Deputowani lwowskiej rady miejskiej oczekują ponadto, że polskie władze pomogą w odbudowie monumentu, a osoby odpowiedzialne za jego zniszczenie zostaną ukarane.

Pomnik gloryfikujący UPA pojawił się na Chryszczatej prawdopodobnie w ubiegłym roku. Powstał w miejscu, w którym znajdował się podziemny szpital UPA. Media przypuszczały wówczas, że monument postawiła wycieczka Ukraińców z Kanady.

- Cześć pamięci żołnierzom UPA poległym 23.01.1947 w walce z żołnierzami WP w obronie podziemnego szpitala. Towarzysze broni - głosił umieszczony na nim napis.

Otoczony krzyżami monument został zbudowany bez uzgodnienia z władzami, dlatego też nadzór budowlany nakazał go rozebrać. Polecenie to nie zostało wykonane.

Według "Rzeczpospolitej", która pisała o tej sprawie kilka dni temu, pomnik został zniszczony przez nieznanych sprawców najprawdopodobniej po ukraińskich świętach Wielkanocnych.

Gazeta informowała, że Związek Ukraińców w Polsce prowadził z władzami rozmowy o legalizacji obiektu.

- Wojewoda podkarpacki nie zna treści uchwały Rady Miejskiej Lwowa, więc nie będzie jej w związku z tym komentował. Wojewoda podkarpacki w sprawie Chryszczatej nie jest stroną - powiedział PAP rzecznik prasowy wojewody, Wiesław Bek.

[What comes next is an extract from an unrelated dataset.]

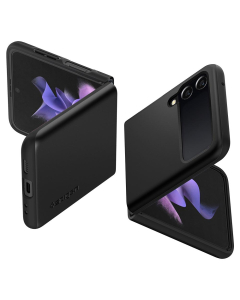 Чехол Spigen для Galaxy Z Flip 3 (2021) - Thin Fit - Черный - ACS03079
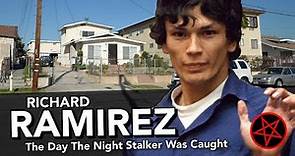 Richard Ramirez - The Day The Night Stalker Was Caught (True Crime Scene Locations) 4K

- Swego czasu do wojewody zwrócił się do sekretarz generalny Rady Ochrony Pamięci Walk i Męczeństwa Andrzeja Przewoźnika, że pomnik został postawiony nielegalnie. W związku z tym wojewoda zwrócił się do wojewódzkich służb nadzoru budowlanego o sprawdzenie legalności tego upamiętnienia. Natomiast wojewoda nie pochwala takich zachowań, jakie miały ostatnio miejsce - przypomniał rzecznik.

Jarosław Junko

Źródło artykułu:PAP
Wybrane dla Ciebie
Komentarze (32)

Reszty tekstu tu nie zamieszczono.